My attempt (it works when I run it in my head :-):

  const uint numBits = 3*numPieces;
  const u64 lowBits = ((1ULL << numBits)-1);
  const u64 highBits = lowBits << numBits;

  // Flip around horizontal axis
  flippedIndex = index ^ 4;

  // Flip around vertical axis
  flippedIndex = index ^ 2;

  // Flip around diagonal axis
  flippedIndex = (index & highBits) | ((index & lowBits) ^ lowBits) ^ ((index & highBits) >> numBits))

Edit: my last one ain't right

Yeah, the diagonal flip is really the whole point of the problem. Horizontal and vertical are just warm-ups.
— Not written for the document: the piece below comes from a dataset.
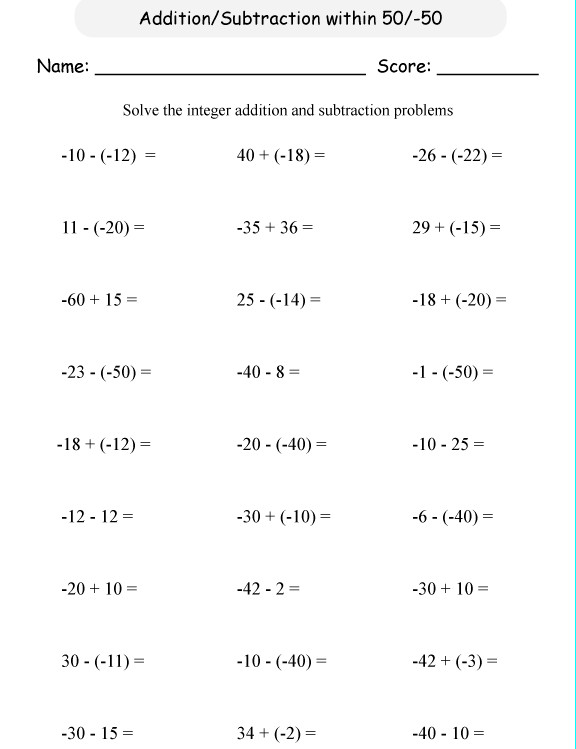 Số học 6 phép trừ số nguyên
  const uint numBits = 3*numPieces;
  const u64 lowBits  = ((1ULL << numBits)-1);
  const u64 highBits = lowBits << numBits;
  const u64 allFours = 04040404040404040404;
  const u64 allTwos  = 02020202020202020202;

  // Flip around horizontal axis
  flippedIndex = index ^ (allFours & lowBits);
  
  // Flip around vertical axis
  flippedIndex = index ^ (allTwos & lowBits);

Is my fix for the first two, but, as you point out, they're significantly easier.
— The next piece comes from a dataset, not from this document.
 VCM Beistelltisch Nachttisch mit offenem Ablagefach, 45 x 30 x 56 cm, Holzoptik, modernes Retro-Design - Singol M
The patterns are pretty neat, but I can't figure out how they result in any sort of rule for diagonal flipping.

The spirit of your answer is correct, but the code won't quite work the way the problem was stated. allFours should actually be 4444... and the same for allTwos. This way, it doesn't matter whether you keep the high and low bits together as I described or just concatenate the piece indices. Correct choices of the lowBits and highBits masks will handle the difference.